■ DATASET ■
##########
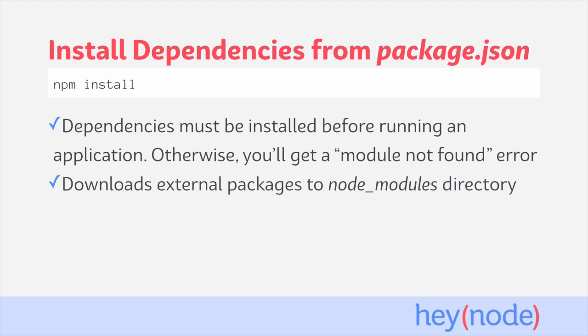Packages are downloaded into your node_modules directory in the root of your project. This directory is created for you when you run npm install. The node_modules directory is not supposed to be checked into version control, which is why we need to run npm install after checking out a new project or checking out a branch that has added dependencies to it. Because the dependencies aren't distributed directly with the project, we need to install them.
##########
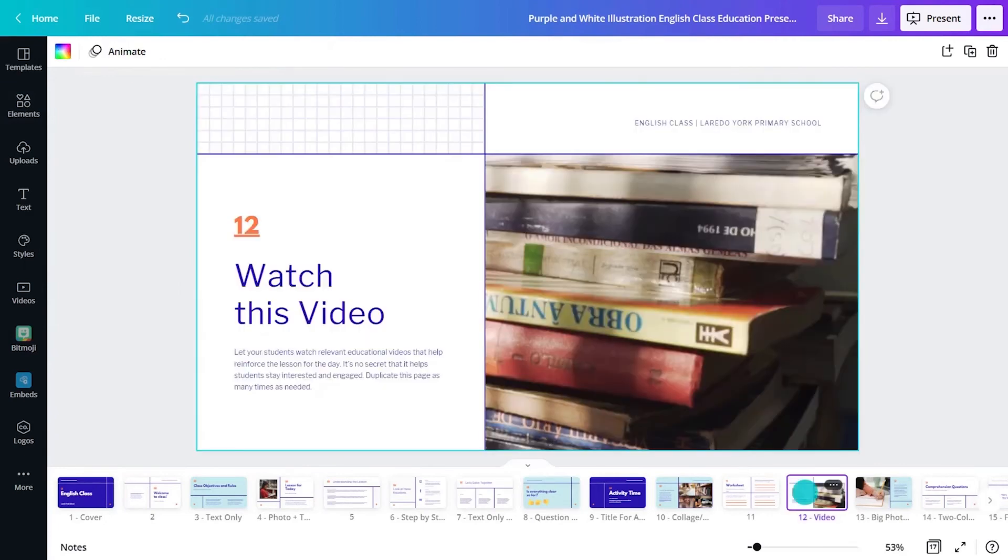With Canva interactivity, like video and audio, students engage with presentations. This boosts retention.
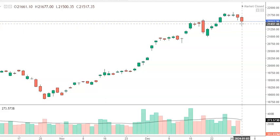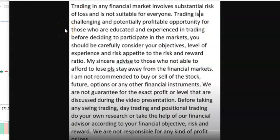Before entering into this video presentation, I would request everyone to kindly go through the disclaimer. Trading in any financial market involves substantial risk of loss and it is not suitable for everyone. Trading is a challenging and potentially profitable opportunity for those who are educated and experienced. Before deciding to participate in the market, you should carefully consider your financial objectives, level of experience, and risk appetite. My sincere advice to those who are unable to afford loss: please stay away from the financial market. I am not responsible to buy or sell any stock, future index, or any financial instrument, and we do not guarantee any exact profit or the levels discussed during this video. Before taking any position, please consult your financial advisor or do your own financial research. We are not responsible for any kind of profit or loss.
##########
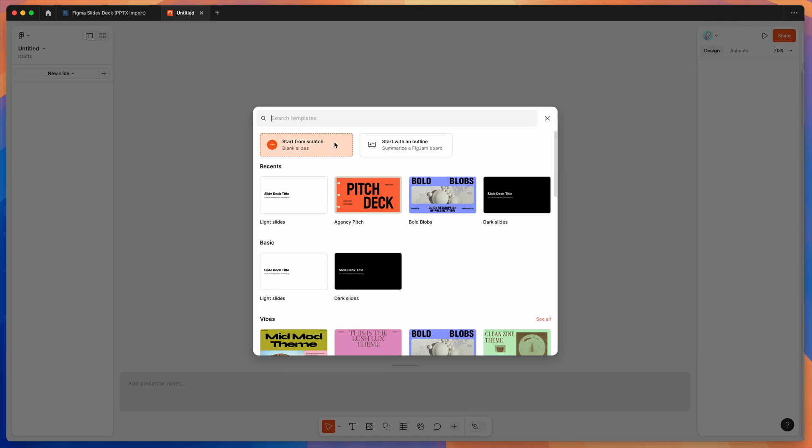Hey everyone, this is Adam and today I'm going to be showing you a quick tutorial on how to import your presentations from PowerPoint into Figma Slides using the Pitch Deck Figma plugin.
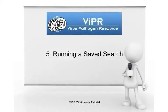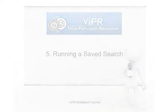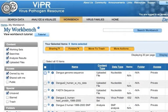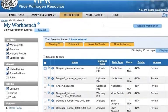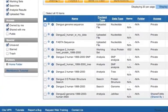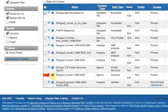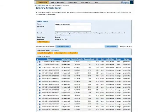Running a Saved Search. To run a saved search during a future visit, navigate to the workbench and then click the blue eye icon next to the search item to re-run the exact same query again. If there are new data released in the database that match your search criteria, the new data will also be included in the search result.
##########
■ YOUR GOAL ■
Nothing but the lines above from the line with "With Canva interactivity, like" up to and including the line with "Before entering into" should be returned, exactly as written and without pictures.

■ EXERCISE RESULT ■
With Canva interactivity, like video and audio, students engage with presentations. This boosts retention.
Before entering into this video presentation, I would request everyone to kindly go through the disclaimer. Trading in any financial market involves substantial risk of loss and it is not suitable for everyone. Trading is a challenging and potentially profitable opportunity for those who are educated and experienced. Before deciding to participate in the market, you should carefully consider your financial objectives, level of experience, and risk appetite. My sincere advice to those who are unable to afford loss: please stay away from the financial market. I am not responsible to buy or sell any stock, future index, or any financial instrument, and we do not guarantee any exact profit or the levels discussed during this video. Before taking any position, please consult your financial advisor or do your own financial research. We are not responsible for any kind of profit or loss.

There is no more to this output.